• DIRECTIONS: All that is wanted is the exact lines from the one with "Карта Олійняківська Вулиця" through the last line of the entries, with both ends kept and every picture left out.

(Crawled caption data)

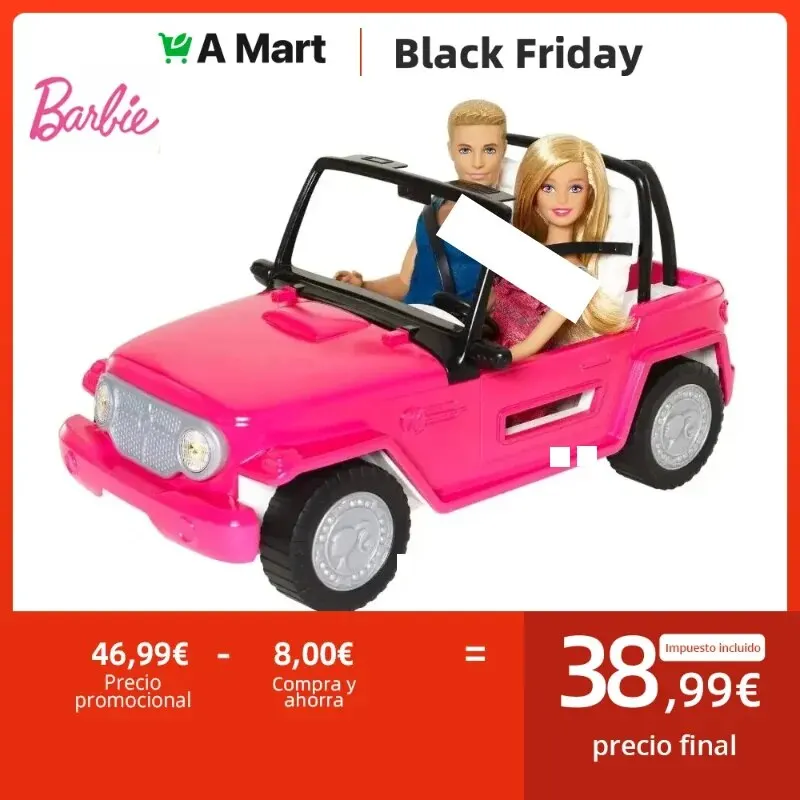 Barbie Car Beach Cruiser con muñeca con vestido veraniego y traje de Ken, juguete abierto rosa de 2 plazas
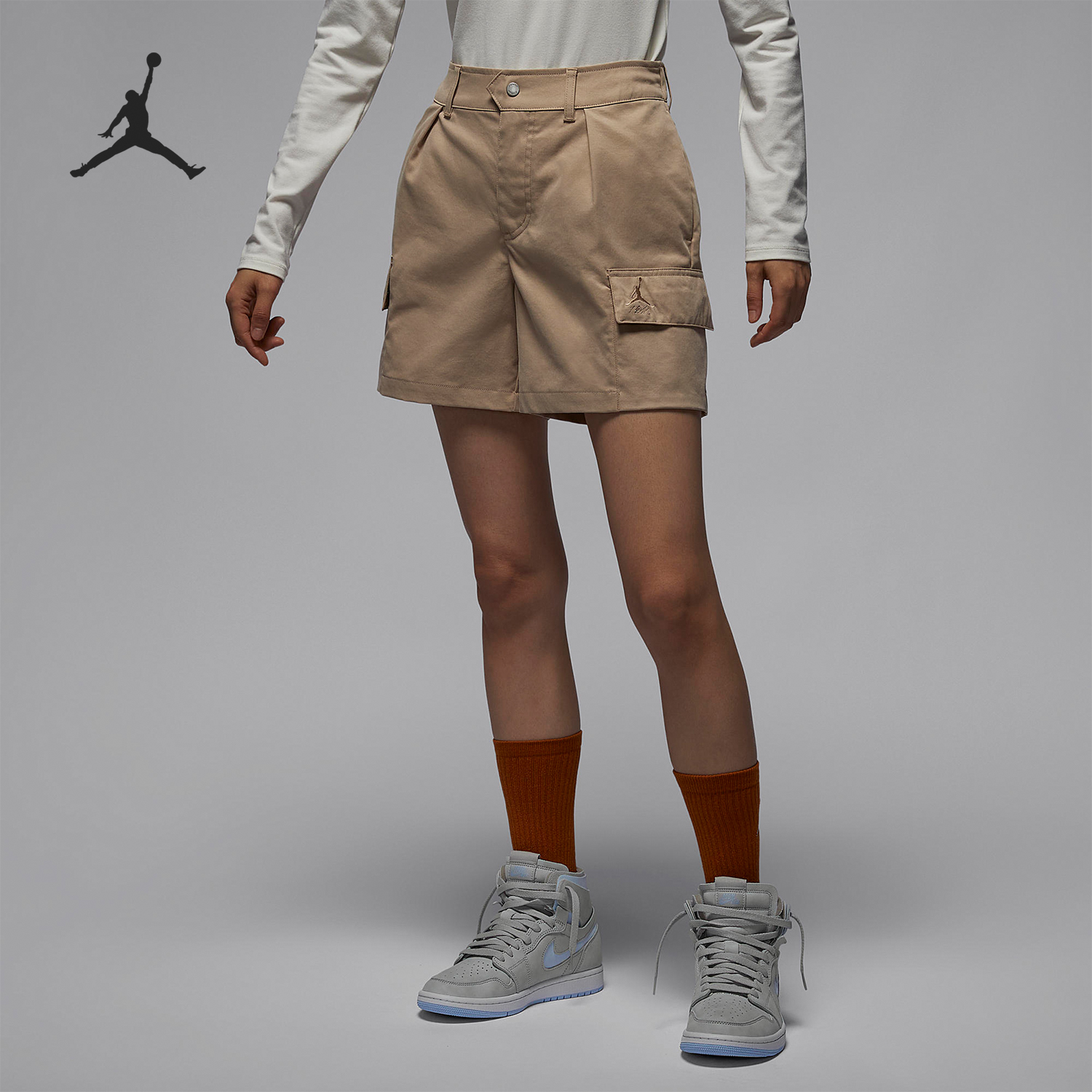 Nike/耐克正品JORDAN女士训练运动梭织工装短裤FN5682-244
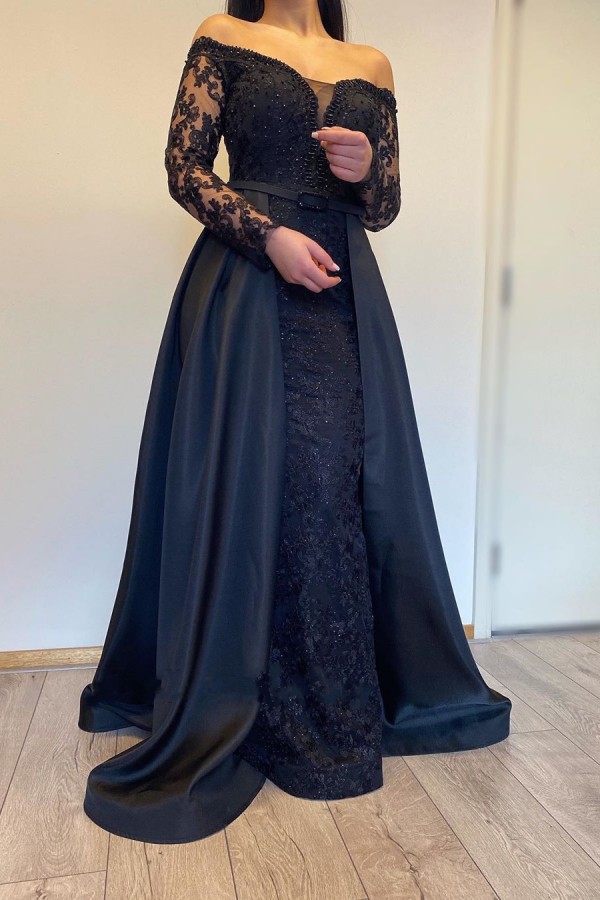 Long A-line Off the Shoulder Lace Detachable Black Formal Dress with Sleeves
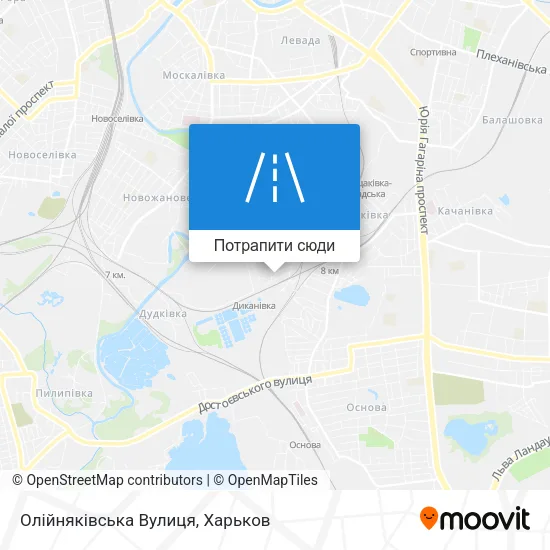 Карта Олійняківська Вулиця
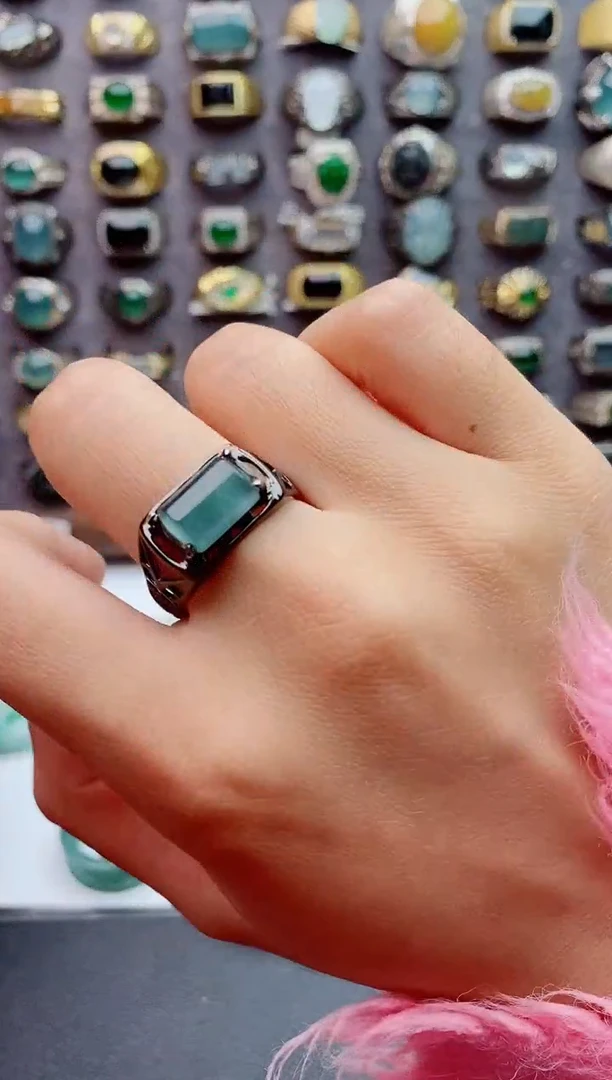 未镶嵌戒指翡翠天然翡翠男戒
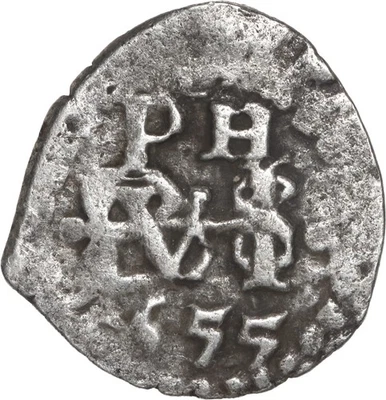 BOLIVIA, Potosi, cob 1/2 real, 1655, PH at top (no dot), rare, ex-Ugaz. - Image 1 of 3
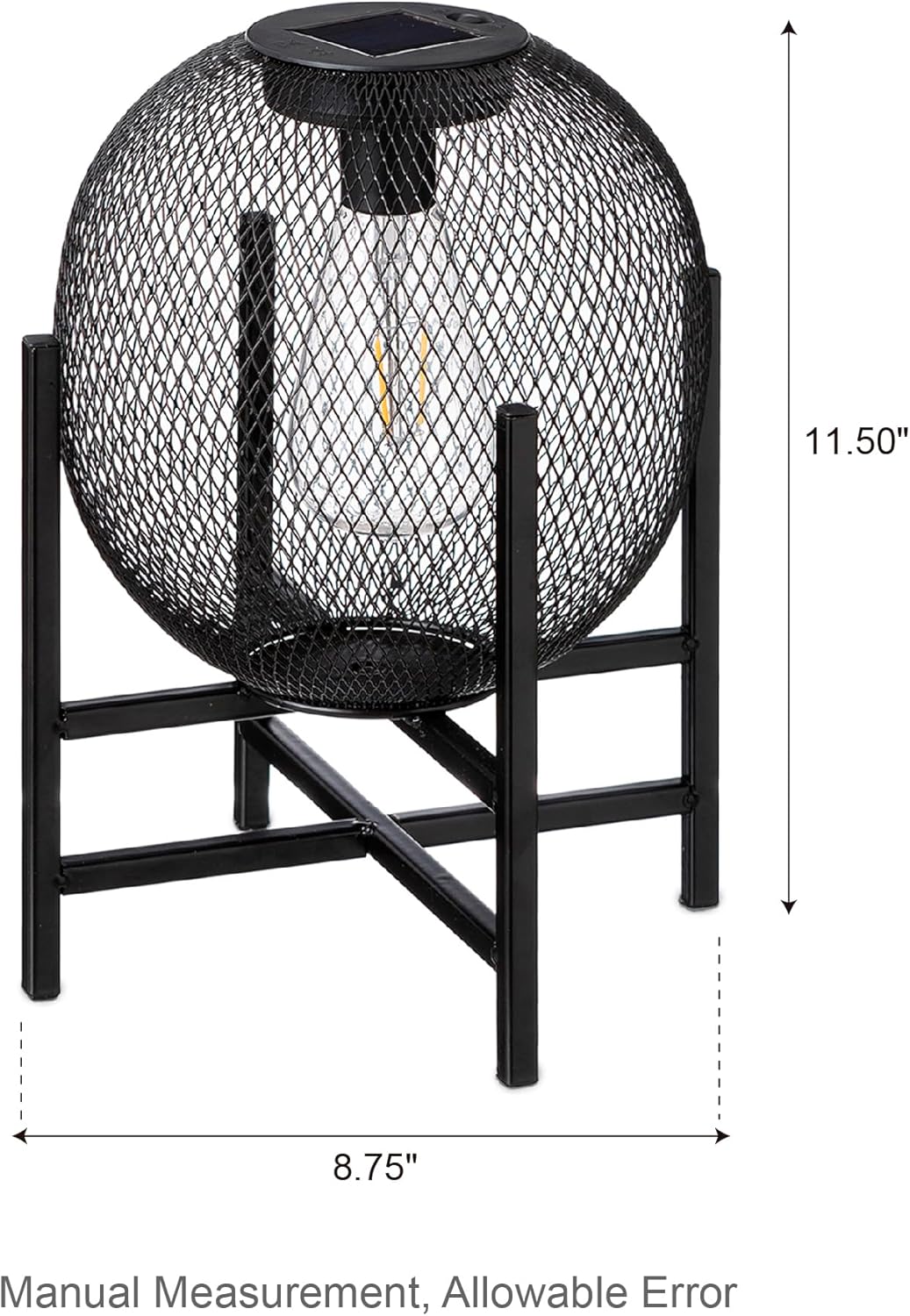 Outdoor Solar Powered Lantern Black Mesh Sphere Solar Light with Stand Waterproof Modern Decorative Warm Yellow Lantern for Patio/ Garden/ Deck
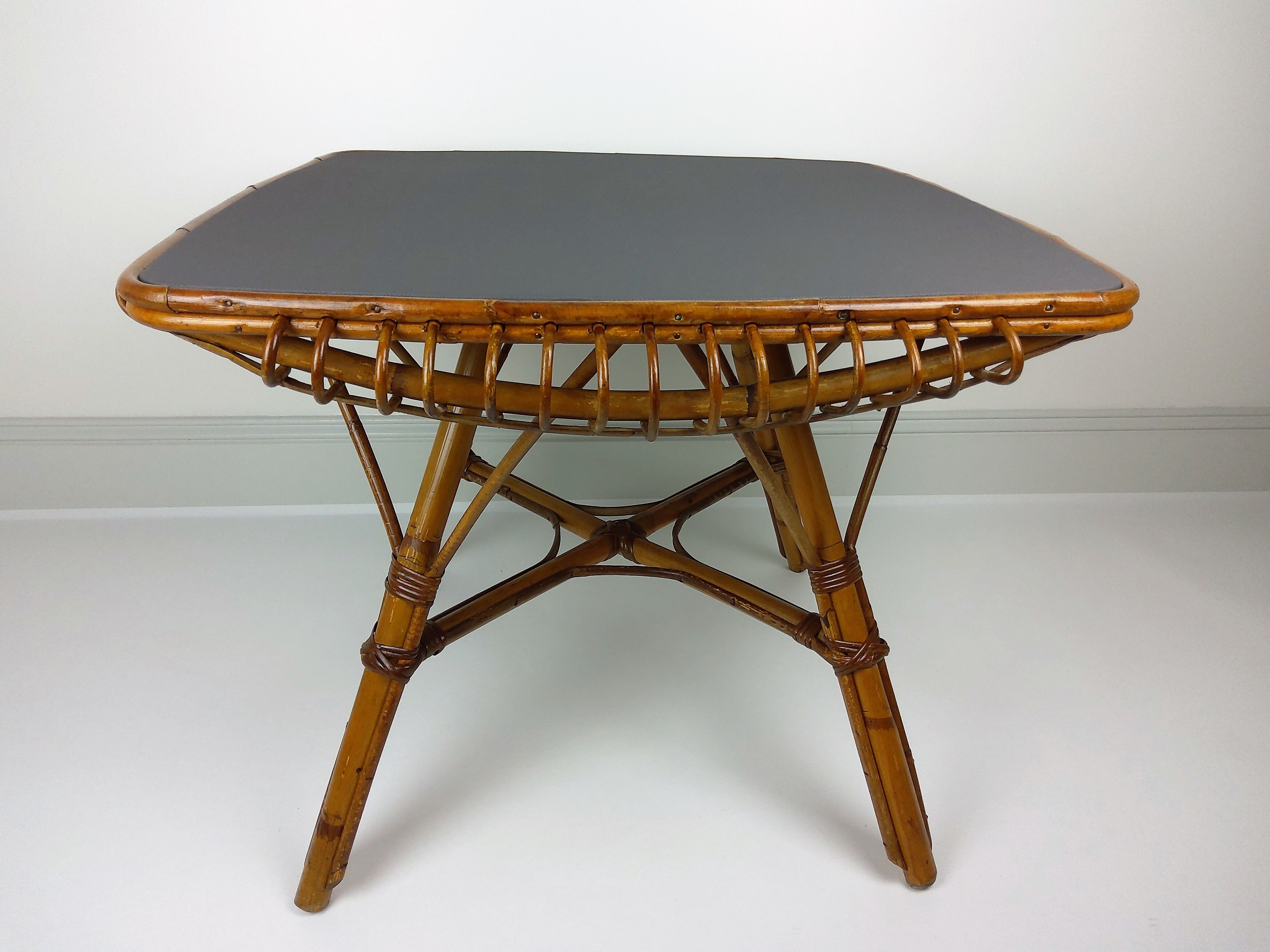 Vintage bamboo and rattan table 1960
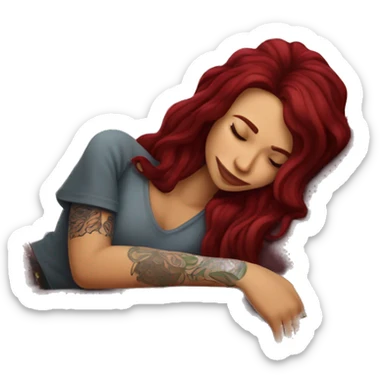 Beautiful tattooed burgundy long haired woman napping on sofa sticker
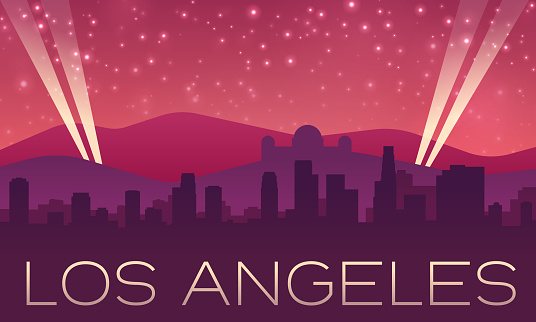 Los Angeles downtown skyline silhouette background.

• TASK ANSWER:
 Карта Олійняківська Вулиця
 未镶嵌戒指翡翠天然翡翠男戒
 BOLIVIA, Potosi, cob 1/2 real, 1655, PH at top (no dot), rare, ex-Ugaz. - Image 1 of 3
 Outdoor Solar Powered Lantern Black Mesh Sphere Solar Light with Stand Waterproof Modern Decorative Warm Yellow Lantern for Patio/ Garden/ Deck
 Vintage bamboo and rattan table 1960
 Beautiful tattooed burgundy long haired woman napping on sofa sticker
 Los Angeles downtown skyline silhouette background.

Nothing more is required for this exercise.